*PROBLEM DETAILS*
Answer with the exact lines of the following material from the one containing "Honda CR-V 2.4L 4 2011" through the one containing "S.O.S. Assortment - Flere varianter (1 stk)", both end lines included.

*RECORDS PROVIDED*
====

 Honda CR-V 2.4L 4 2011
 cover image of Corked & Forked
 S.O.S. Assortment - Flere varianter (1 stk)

====

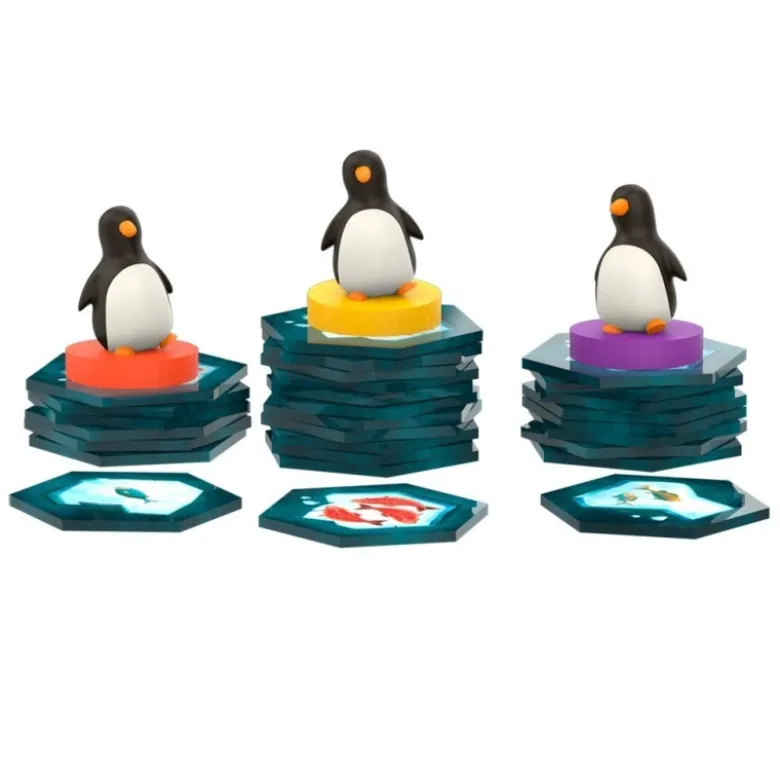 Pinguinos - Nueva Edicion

====

*RESPONSE AREA*
 Honda CR-V 2.4L 4 2011
 cover image of Corked & Forked
 S.O.S. Assortment - Flere varianter (1 stk)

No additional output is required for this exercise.